Re: AIO writes vs hint bits vs checksums

From: Heikki Linnakangas <hlinnaka(at)iki(dot)fi>
To: Andres Freund <andres(at)anarazel(dot)de>, pgsql-hackers(at)postgresql(dot)org
Cc: Noah Misch <noah(at)leadboat(dot)com>, Robert Haas <robertmhaas(at)gmail(dot)com>, Thomas Munro <thomas(dot)munro(at)gmail(dot)com>
Subject: Re: AIO writes vs hint bits vs checksums
Date: 2024-10-30 12:16:51
Message-ID: bc2183ec-3728-4584-8999-888081760138@iki.fi
Views: Raw Message | Whole Thread | Download mbox | Resend email
Thread:
Lists: pgsql-hackers

On 24/09/2024 18:55, Andres Freund wrote:
> What I'd instead like to propose is to implement the right to set hint bits as
> a bit in each buffer's state, similar to BM_IO_IN_PROGRESS. Tentatively I
> named this BM_SETTING_HINTS. It's only allowed to set BM_SETTING_HINTS when
> BM_IO_IN_PROGRESS isn't already set and StartBufferIO has to wait for
> BM_SETTING_HINTS to be unset to start IO.
>
> Naively implementing this, by acquiring and releasing the permission to set
> hint bits in SetHintBits() unfortunately leads to a significant performance
> regression. While the performance is unaffected for OLTPish workloads like
> pgbench (both read and write), sequential scans of unhinted tables regress
> significantly, due to the per-tuple lock acquisition this would imply.

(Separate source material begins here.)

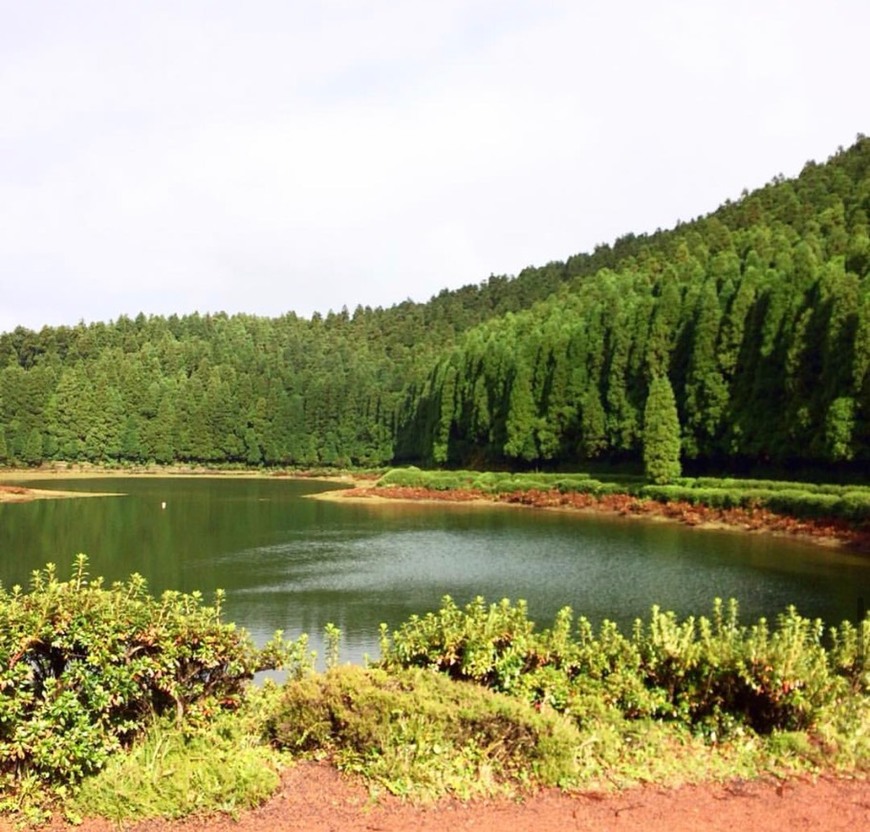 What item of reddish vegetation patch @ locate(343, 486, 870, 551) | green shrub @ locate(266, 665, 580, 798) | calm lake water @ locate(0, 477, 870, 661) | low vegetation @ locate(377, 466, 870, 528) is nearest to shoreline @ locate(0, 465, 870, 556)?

It'd be nice to implement this without having to set and clear
BM_SETTING_HINTS every time. Could we put the overhead on the
FlushBuffer() instead?

How about something like this:

To set hint bits:

1. Lock page in SHARED mode.
2. Read BM_IO_IN_PROGRESS
3. If !BM_IO_IN_PROGRESS, set hint bits, otherwise don't
4. Unlock page

To flush a buffer:

1. Lock page in SHARED mode
2. Set BM_IO_IN_PROGRESS
3. Read the lock count on the buffer lock, to see if we're the only locker.
4. If anyone else is holding the lock, upgrade it to exclusive mode, and
immediately downgrade back to share mode.
5. calculate CRC, flush the buffer
6. Clear BM_IO_IN_PROGRESS and unlock page.

This goes back to the idea of adding LWLock support for this, but the
amount of changes could be pretty small. The missing operation we don't
have today is reading the share-lock count on the lock in step 3. That
seems simple to add.

Acquiring the exclusive lock in step 4 is just a way to wait for all the
existing share-lockers to release the lock. You wouldn't need to block
new share-lockers. We have LW_WAIT_UNTIL_FREE, which is almost what we
need, but it currently ignores share-lockers. So doing this "properly"
would require more changes to LWLocks. Briefly acquiring an exclusive
lock seems acceptable though.

> But: We can address this and improve performance over the status quo! Today we
> determine tuple visiblity determination one-by-one, even when checking the
> visibility of an entire page worth of tuples.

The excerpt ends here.